2. Focus on patient- and family-centered care. A look at the HM17 curriculum reinforces SHM’s awareness that patients and hospitalists must be more assertive in developing skills in communication and empathy. By doing so, they support a culture and environment wherein patients are active participants their care. Members of our Patient Experience Committee are presenting courses and workshops in Las Vegas, and last year’s annual meeting featured an entire pre-course on communication skills. Hospitalists play a signature role in the Cleveland Clinic’s national conference on improving the patient experience, and the committee has an advisory council of patients and advocates to guide their work.
3. Move assertively to define our role in an era of risk and reform. Last year’s national election will probably create policy upheavals that are difficult to either anticipate or plan for. However, the evolution of Medicare, Medicaid, and commercial payers toward passing risk (and reward) onto physicians, hospitals, and systems, likely is unstoppable. SHM held a board retreat with key hospital leaders (including Patrick Conway, MD, MSc, MHM, deputy administrator for Innovation and Quality at CMS and director of the Center for Medicare and Medicaid Innovation, and a keynote speaker at HM17) to outline a framework to engage and educate our membership by leveraging the work of our Public Policy, Education, and Practice Management committees.

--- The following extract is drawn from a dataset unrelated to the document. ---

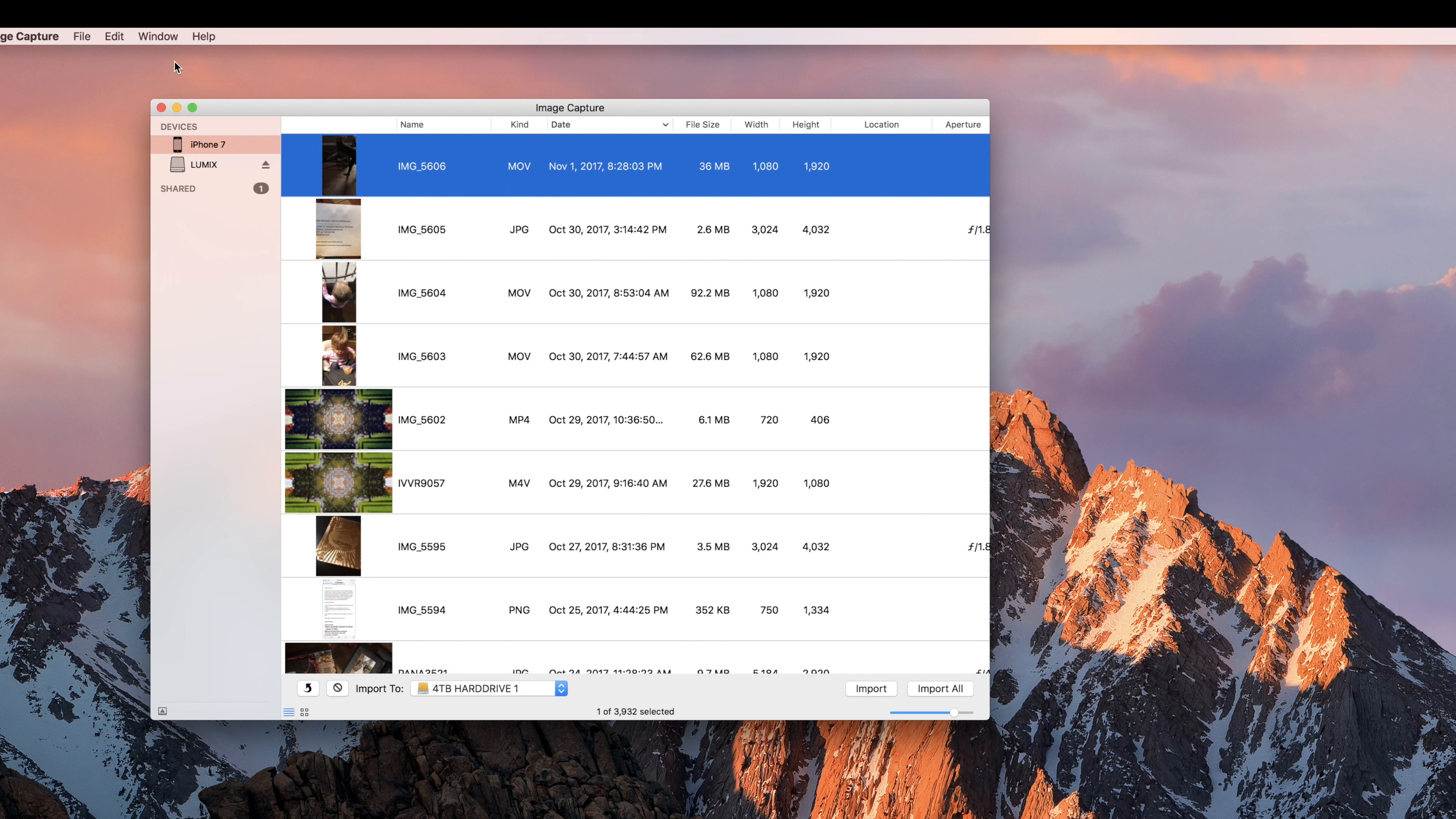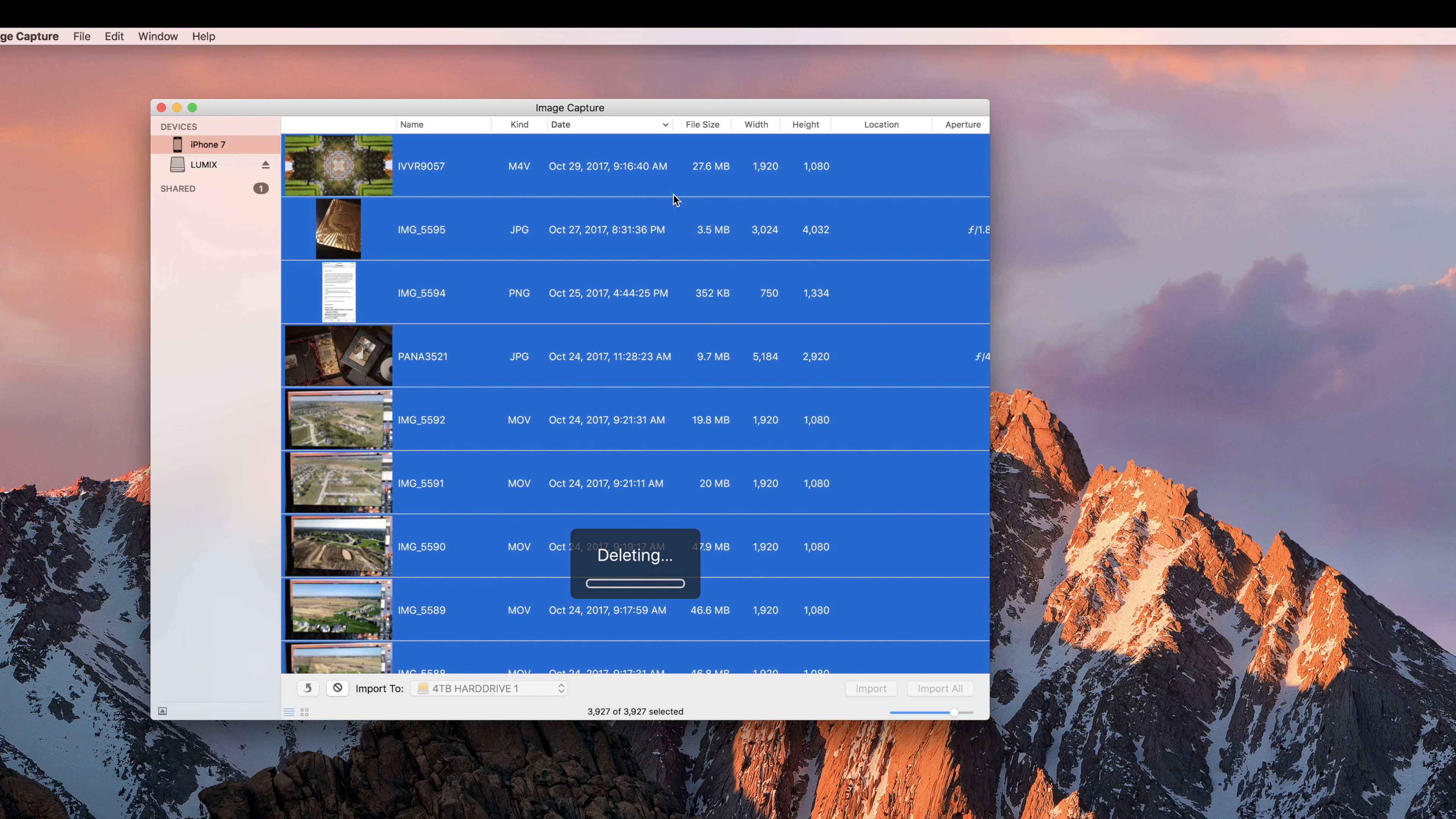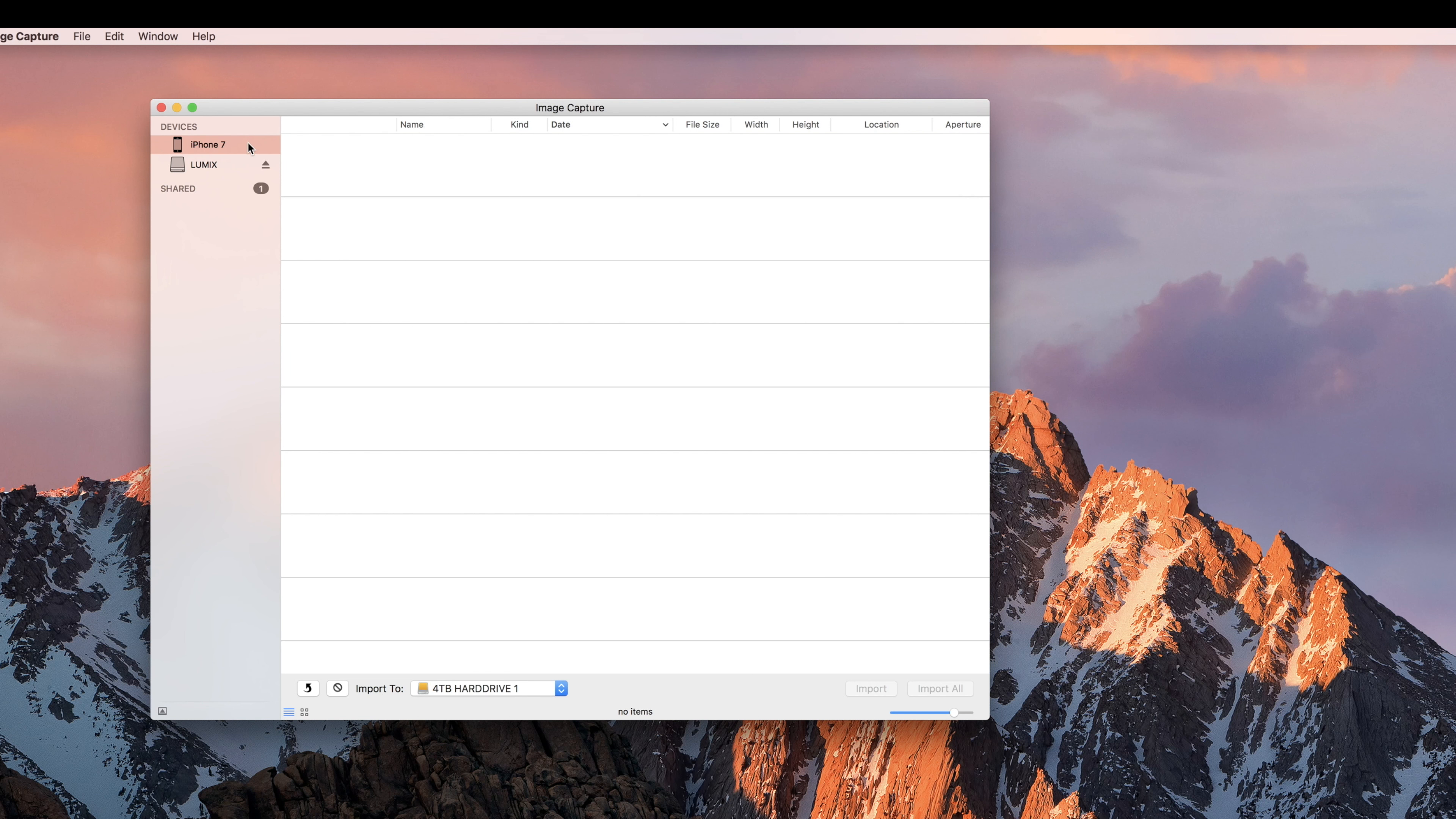or you can hit the first photo and go to Edit, Select All, and you can delete them all at once. Depending on how many photos it may take two to three minutes, but it's a lot quicker than doing it right from the phone.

4. Define our stance regarding specialty recognition: The complexities of this issue are political as well as logistical. SHM has continued to build out the infrastructure for Recognition of Focused Practice with the launch of SPARK ONE (our Focused Practice in Hospital Medicine exam preparation product), but the gaps between the curricula of internal medicine and family medicine residencies, and our daily clinical realities, will continue to exist for the foreseeable future. Pediatrics has established a board requirement for pediatric hospital medicine, but it is still unclear if this is the future of adult hospital medicine.
In sum
As I prepare to the pass to baton to Dr. Ron Greeno for 2017-18, I am reminded of one of the pearls of a former boss and mentor of mine who preached that career satisfaction comes from finding opportunities to achieve three goals: addressing meaningful challenges, working with compelling individuals, and learning something new every day. I would like to thank the board, SHM CEO Larry Wellikson, MD, MHM, and the society staff and volunteers, and, most of all, the many SHM members with whom I have met and spoken over the last year for providing me with exactly that opportunity.